Latest data from global real estate advisor Colliers International shows that available industrial space in Wales has suffered a sharp drop in less than a decade, falling from 4.9 years in 2009 to 2.1 years in 2017.
Tim Davies, Head of Industrial & Logistics in Wales for Colliers International, said the 57 per cent decrease showed there is a need for logistics developers to build speculatively in Wales to address the severe shortage of industrial space – particularly following the announcement from the Government that tolls on the Severn crossings would be scrapped at the end of 2018.
“Tolls on the Severn Bridges being removed is likely to increase demand from occupiers who have previously been deterred by the prohibitive bridge crossing costs,” he said.
“However, this demand will be coming in the wake of a dramatic reduction in available industrial space in Wales in recent years.
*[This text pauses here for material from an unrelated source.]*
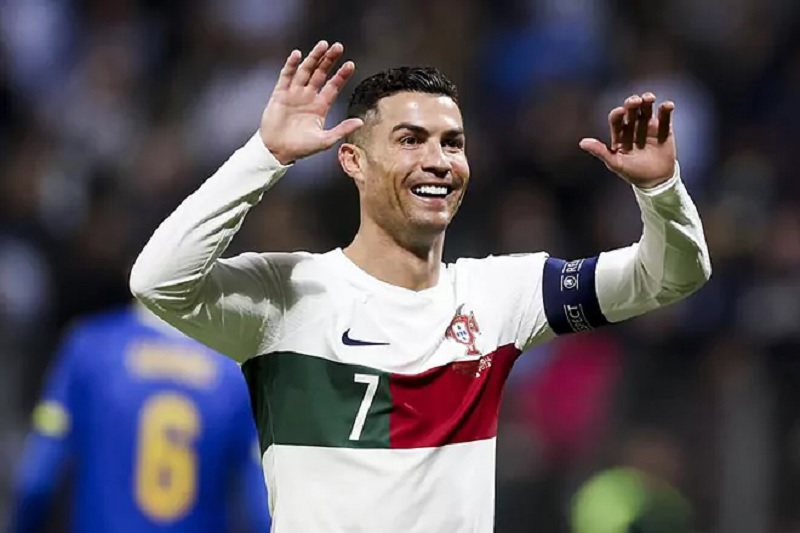 Cristiano Ronaldo, Rey goleador, 2023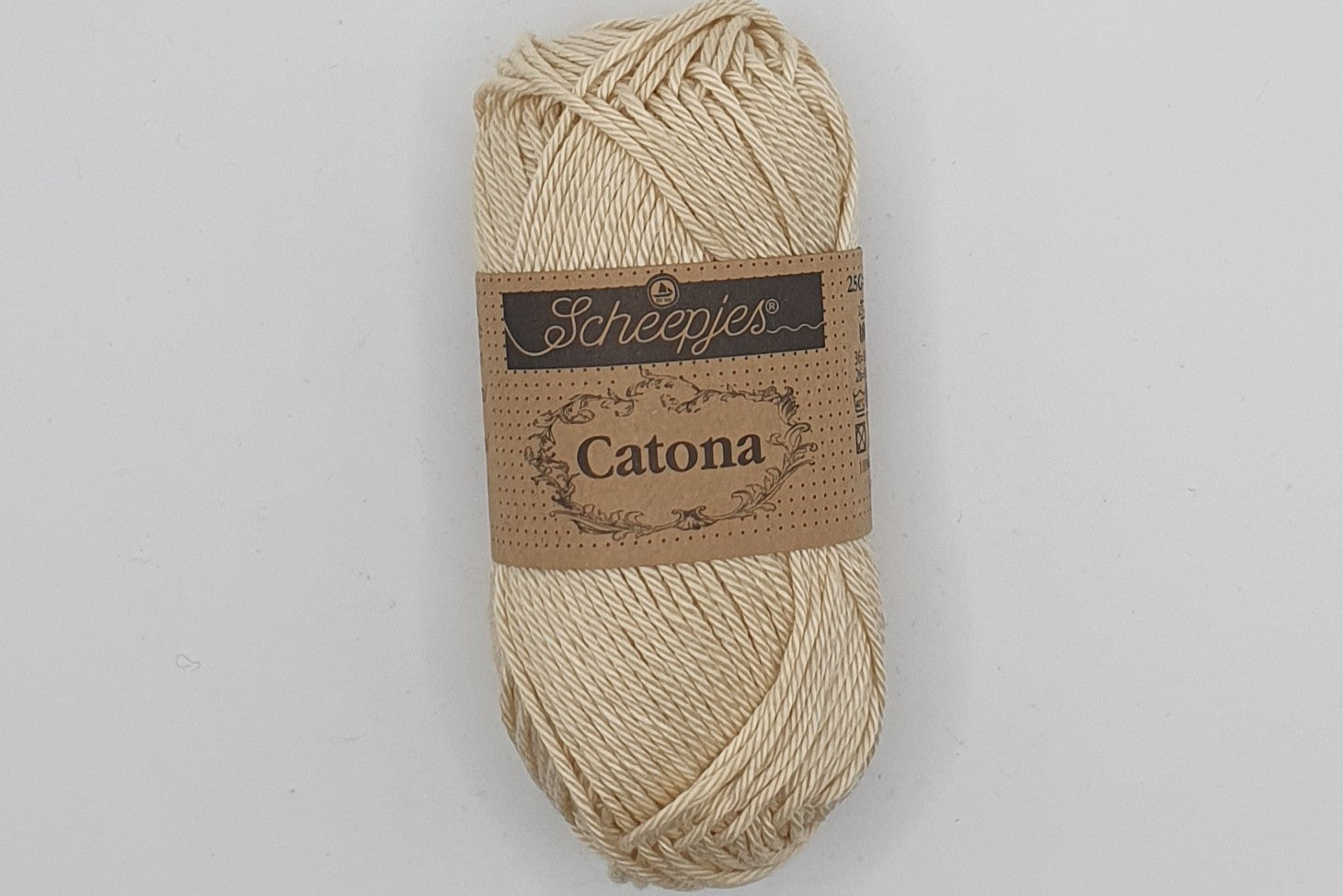 Scheepjes Catona - 100% Mercerised Cotton - 4 Ply - English Tea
“If this situation is not addressed it will constrain potential business growth at a pivotal time. This represents an opportunity for logistics developers to build speculatively in Wales.”
Mr Davies added that UK industrial availability had fallen on average 62 per cent since 2009, and that industrial supply is likely to fall further due to continued demand from e-tailers, lower levels of speculative starts, and the loss of industrial commercial land for other uses such as residential.
The Colliers International Summer 2017 UK Industrial & Logistics Market Barometer shows that despite the reduction in availability and supply, just 17 million sq ft of industrial space is under construction.
There has been a 60 per cent decline in speculative completions since 2007, according to the data, with speculative industrial schemes now accounting for just 28 per cent of all UK developments under construction. Colliers predicts that completions will fall by 60 per cent in 2017, to 3.5 million sq ft.
The data also shows that industrial sector continues to attract strong investor interest, with investor volumes of £3.4 billion in the first half of 2017, exceeding the first half of 2016 by 13 per cent.
“Following the outcome of the European referendum, there has been stronger demand for industrial space from the manufacturing sector due to the weakening value of sterling encouraging a surge in demand for British goods,” said Bo Glowacz, Senior Research Analyst, Research and Forecasting at Colliers International.
“The sector now accounts for 27 per cent of the market, up from 19 per cent in 2016; second only to retailers and wholesalers who account for 33 per cent of demand.”